- What the task asks
Will you quote precisely the lines that run from the top of the material below to the line containing "Black Wood TV", both ends included?

- Dataset
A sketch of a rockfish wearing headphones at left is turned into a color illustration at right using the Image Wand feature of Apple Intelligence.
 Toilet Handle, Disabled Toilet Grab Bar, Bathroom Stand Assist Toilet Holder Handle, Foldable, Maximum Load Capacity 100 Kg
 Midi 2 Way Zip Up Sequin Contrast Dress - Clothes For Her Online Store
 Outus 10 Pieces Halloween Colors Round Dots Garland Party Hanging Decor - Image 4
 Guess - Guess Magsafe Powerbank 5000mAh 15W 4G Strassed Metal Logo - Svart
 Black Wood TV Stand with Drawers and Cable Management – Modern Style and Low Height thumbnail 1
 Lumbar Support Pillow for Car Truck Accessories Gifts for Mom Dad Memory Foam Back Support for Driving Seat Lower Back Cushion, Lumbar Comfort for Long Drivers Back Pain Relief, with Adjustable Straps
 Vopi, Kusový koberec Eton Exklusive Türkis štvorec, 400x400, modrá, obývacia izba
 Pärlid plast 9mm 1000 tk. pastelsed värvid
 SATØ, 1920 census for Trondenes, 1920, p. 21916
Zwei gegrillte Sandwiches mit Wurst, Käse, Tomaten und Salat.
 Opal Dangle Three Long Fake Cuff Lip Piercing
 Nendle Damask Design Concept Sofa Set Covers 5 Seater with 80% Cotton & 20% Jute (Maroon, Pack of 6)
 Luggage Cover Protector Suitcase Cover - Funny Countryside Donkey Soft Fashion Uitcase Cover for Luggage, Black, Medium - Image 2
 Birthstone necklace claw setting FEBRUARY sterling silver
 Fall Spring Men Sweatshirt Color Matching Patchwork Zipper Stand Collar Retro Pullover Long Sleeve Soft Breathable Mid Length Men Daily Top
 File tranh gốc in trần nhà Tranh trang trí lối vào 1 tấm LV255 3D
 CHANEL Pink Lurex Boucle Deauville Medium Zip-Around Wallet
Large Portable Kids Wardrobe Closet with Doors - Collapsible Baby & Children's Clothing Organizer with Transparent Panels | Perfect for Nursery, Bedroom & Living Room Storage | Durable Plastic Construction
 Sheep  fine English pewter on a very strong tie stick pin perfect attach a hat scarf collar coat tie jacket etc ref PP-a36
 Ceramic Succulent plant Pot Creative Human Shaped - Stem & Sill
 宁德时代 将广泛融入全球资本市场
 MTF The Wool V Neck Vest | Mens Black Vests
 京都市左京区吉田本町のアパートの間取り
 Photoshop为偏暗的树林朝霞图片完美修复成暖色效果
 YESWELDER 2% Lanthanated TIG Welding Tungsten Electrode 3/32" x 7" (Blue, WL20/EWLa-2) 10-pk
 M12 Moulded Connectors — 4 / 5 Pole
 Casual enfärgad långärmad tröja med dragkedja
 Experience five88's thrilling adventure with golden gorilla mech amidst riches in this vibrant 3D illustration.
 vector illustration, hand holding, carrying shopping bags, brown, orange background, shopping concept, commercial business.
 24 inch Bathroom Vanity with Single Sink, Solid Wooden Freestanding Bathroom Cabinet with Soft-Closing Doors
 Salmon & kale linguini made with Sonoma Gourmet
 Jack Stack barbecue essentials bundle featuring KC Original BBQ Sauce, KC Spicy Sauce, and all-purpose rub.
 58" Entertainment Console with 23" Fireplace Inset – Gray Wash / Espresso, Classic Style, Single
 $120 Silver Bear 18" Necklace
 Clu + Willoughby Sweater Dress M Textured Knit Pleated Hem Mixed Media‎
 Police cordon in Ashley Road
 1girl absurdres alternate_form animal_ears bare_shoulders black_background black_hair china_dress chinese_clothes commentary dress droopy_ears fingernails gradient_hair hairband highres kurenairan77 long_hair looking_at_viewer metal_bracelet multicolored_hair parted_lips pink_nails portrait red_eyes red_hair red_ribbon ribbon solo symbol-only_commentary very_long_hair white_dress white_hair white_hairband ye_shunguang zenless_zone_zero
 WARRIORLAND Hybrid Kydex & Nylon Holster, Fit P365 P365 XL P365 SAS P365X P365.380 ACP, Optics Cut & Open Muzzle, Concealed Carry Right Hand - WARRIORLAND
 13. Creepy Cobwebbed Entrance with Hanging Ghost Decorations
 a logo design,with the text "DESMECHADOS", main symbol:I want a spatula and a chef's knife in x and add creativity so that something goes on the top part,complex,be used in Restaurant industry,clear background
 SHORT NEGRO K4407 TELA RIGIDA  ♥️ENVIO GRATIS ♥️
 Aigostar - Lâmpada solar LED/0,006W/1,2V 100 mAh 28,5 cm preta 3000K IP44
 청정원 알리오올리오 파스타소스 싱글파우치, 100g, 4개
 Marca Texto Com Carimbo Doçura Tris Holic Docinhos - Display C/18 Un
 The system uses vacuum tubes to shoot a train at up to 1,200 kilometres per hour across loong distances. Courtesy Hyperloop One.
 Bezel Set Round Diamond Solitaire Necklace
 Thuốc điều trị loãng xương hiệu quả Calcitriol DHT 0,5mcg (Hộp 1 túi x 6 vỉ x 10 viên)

- Solution for this problem
A sketch of a rockfish wearing headphones at left is turned into a color illustration at right using the Image Wand feature of Apple Intelligence.
 Toilet Handle, Disabled Toilet Grab Bar, Bathroom Stand Assist Toilet Holder Handle, Foldable, Maximum Load Capacity 100 Kg
 Midi 2 Way Zip Up Sequin Contrast Dress - Clothes For Her Online Store
 Outus 10 Pieces Halloween Colors Round Dots Garland Party Hanging Decor - Image 4
 Guess - Guess Magsafe Powerbank 5000mAh 15W 4G Strassed Metal Logo - Svart
 Black Wood TV Stand with Drawers and Cable Management – Modern Style and Low Height thumbnail 1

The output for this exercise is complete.